30 Years Ago the Genesis Hit the Road with the Sega Nomad

30 Years Ago the Genesis Hit the Road with the Sega Nomad

In the mid-1990s, Sega went to significant lengths to extend the life of their 16-bit Sega Genesis any way that they could. There was the Sega CD add-on, which allowed for enhanced Red Book audio, and offered loads of space for visuals, scripts or other extras that couldn’t fit on the smaller storage size of a cartridge. There was the 32X, a 32-bit add-on which in North America was meant to serve as either a bridge to or replacement for Sega of Japan’s plans with the Sega Saturn, but that, with a library of 40 games and just 800,000 units sold, ended up being neither of those things.

Far less discussed than those pieces that let you turn your Genesis into a little multi-part tower was the Sega Nomad. While Sega’s 8-bit portable competitor to Nintendo’s Game Boy, the Game Gear, could play Master System games with an adapter, the Nomad natively played Genesis carts.
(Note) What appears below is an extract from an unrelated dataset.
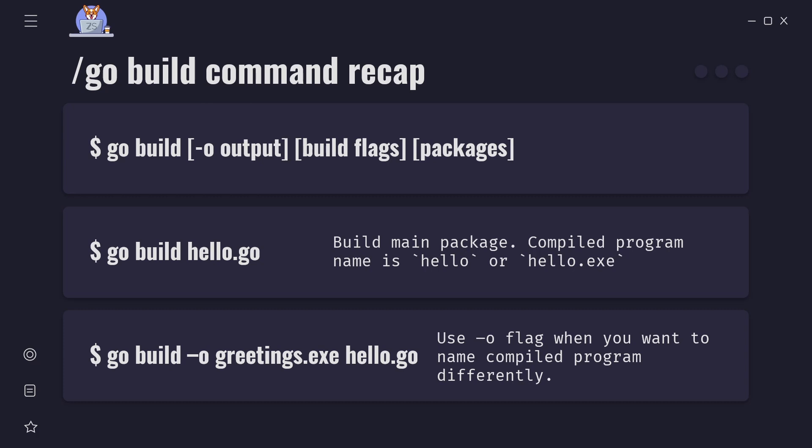On Windows go build -o greetings.exe hello.go. On macOS and Linux just omit .exe suffix. So it will be go build -o greetings hello.go. This will create an executable file named greetings or greetings.exe.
In fact, that was its entire purpose: it didn’t have its own library of Nomad exclusives, but was meant to be a portable Genesis. The other name the handheld is known by is the “Genesis Nomad,” even.

It was a North American-exclusive handheld, based on a Japanese Sega product known as the Mega Jet. The Mega Jet was a portable Genesis—well, Mega Drive, since this is Japan—named such as it was hooked up to a screen during Japan Airline flights, but could also be used in a car that happened to have a TV screen and cigarette lighter to plug into. Sega of America took that concept and added a screen, removed the need for plugging it into a power source by adding batteries, but kept the ability to plug the system into a TV so you could play games on a larger screen if you had one available. 

Pretty amazing, right? A few things happened that kept it from catching on. It was released in October of 1995, well into the existence of the Genesis—that was great news as far as an existing library goes, as it was hundreds and hundreds of games at this point. However, it was also five months after the launch of the Saturn in North America and a month after Sony’s Playstation arrived there: the former was a focal point for Sega internationally, while the latter was also consuming Sega’s attention in a very different way. 

In addition, it hit the market for $179—for comparison’s sake, the Game Boy launched in 1989 at $90 and the Game Gear in 1991 at $150. It never fully took off, though. Over the course of four years, just one million Nomads were sold. The price probably played a little bit of a role in that, but there also weren’t new games being released just for it, as Sega as a whole was slowing down releases for the Genesis much more quickly than Nintendo did with the SNES. 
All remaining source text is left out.